By Jeremy Connor
Jeremy Connor is a music performance graduate from the University of Alabama. He is currently working full time in marketing and finance at West Alabama Wholesale in Newport, Alabama. The following was written for REL 360: Popular Culture/Public Humanities.
The idea behind the movie, Kumare, is a simple, but interesting one. An American man with Indian heritage, named Vikhram, decides to conduct an experiment. He wonders if he can convince people that he is a ‘real guru’ by speaking in an Indian accent, dressing in Eastern clothes, and saying many profound-sounding nonsense phrases. In short, it worked. People followed him and bonded with him over made-up nonsense. After watching the film, two questions that have perplexed me for a while once again popped into my head: What defines a practice as a religion versus just being spiritual, and why is spirituality important to people?

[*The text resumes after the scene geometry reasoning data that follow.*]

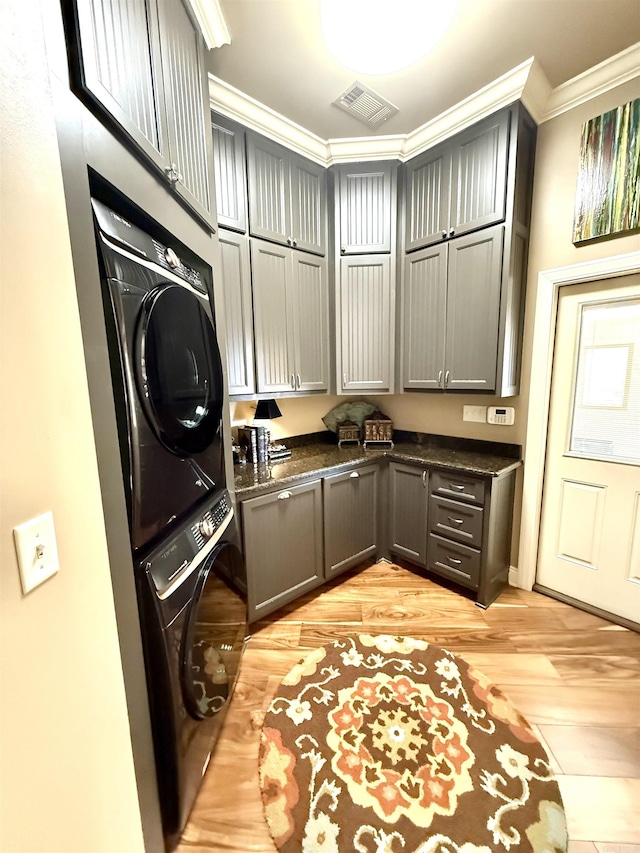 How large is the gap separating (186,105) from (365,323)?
59.5 inches

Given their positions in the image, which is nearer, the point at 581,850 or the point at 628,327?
the point at 581,850

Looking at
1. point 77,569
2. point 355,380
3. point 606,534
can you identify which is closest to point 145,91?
point 77,569

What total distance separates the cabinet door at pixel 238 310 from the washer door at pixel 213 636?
983 millimetres

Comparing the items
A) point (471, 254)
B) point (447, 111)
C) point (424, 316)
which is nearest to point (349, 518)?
point (424, 316)

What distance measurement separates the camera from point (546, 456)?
2.16m

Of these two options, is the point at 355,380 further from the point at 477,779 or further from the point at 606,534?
the point at 477,779

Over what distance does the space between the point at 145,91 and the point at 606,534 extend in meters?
2.95

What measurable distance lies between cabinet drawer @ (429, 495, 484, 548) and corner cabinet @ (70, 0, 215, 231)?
207 cm

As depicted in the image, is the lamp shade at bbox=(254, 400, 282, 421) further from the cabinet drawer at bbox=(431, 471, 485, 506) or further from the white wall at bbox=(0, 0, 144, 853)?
the white wall at bbox=(0, 0, 144, 853)

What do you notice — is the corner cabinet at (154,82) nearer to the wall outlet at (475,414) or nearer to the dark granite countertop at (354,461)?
the dark granite countertop at (354,461)

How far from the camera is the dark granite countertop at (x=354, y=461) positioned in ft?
6.15

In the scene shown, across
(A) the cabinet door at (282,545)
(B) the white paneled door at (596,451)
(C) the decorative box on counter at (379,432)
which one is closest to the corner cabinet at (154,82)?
(A) the cabinet door at (282,545)

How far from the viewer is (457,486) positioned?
2.11m

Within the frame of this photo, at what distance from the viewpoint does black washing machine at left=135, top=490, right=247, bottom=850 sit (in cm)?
86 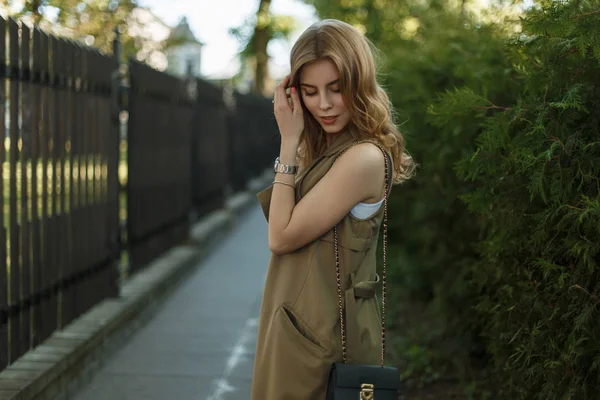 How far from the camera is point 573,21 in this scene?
327 cm

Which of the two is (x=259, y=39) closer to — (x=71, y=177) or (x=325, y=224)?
(x=71, y=177)

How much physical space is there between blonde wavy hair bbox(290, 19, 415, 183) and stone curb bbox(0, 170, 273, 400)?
2.33m

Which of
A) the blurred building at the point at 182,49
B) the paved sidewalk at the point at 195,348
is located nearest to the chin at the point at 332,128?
the paved sidewalk at the point at 195,348

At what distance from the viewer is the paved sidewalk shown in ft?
18.4

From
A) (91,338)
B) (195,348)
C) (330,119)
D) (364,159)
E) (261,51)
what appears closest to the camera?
(364,159)

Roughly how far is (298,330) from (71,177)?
3613 mm

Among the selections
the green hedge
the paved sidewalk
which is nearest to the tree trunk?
the paved sidewalk

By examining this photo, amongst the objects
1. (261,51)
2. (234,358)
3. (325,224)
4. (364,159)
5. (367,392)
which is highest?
(261,51)

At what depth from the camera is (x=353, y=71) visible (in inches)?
112

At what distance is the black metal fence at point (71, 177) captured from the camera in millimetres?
5000

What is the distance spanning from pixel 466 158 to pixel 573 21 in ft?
2.53

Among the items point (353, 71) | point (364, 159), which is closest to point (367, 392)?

Many non-church going people my age have a phrase that I’ve heard so many times over my life, and I am always confused as to what exactly it means. “I’m not religious, but I am spiritual”, is the credo of these people and there seems to be a trend in their demographic. In my experience, it tends to be those that had a religious upbringing and have since began questioning their faith. What do these people need from so called “spirituality” that they don’t feel they need from religion anymore?
The people in Vikhram’s experiment that were so swayed and influenced by Kumare all had problems that they needed to solve. Kumare acted as a therapist who could listen and give back kind words, though they may have been broken and nonsensical. It wasn’t what he was saying that mattered, but more that they were able to talk to someone about what was bothering them. This was all solidified and made more important through the use of ritual. Similarly to how his words were not important, the content of the ritual was not important, only that there was a ritual that they could follow and get into the right mindset to do some introspective thinking.
So, is this considered religion? In the movie, they didn’t ever state to the followers that any of the teachings that Kumare gave were from any holy tradition. There was no worship, no creation story, nothing that people usually identify as important parts of religion. But it had many of the other important aspects of religion: the community, the therapeutic settings, and the ritual that made these people feel very strongly connected to it.
In my opinion, the main difference between religion and spirituality is the amount of organization and the level of reliance on supernatural explanations. Religions tend to rely more on explanations that are supernatural in nature, putting their faith in a god or gods and praying, while spirituality may contain something like that, it isn’t necessary to fit under the broad category of being “spiritual”. Religion also is usually much more organized with different institutions that have leaders and hierarchies, rather than just existing as a perspective in someone’s mind.
After seeing the people in Kumare get fooled so easily, I have come to the conclusion that the true importance of religion and spirituality in this day and age is to provide people with a way to bond with others in a close way, a way to feel like they can talk to someone (preferably with authority), in detail about their life problems, and rituals that they believe help to do something in their lives, whether they make any effect or not.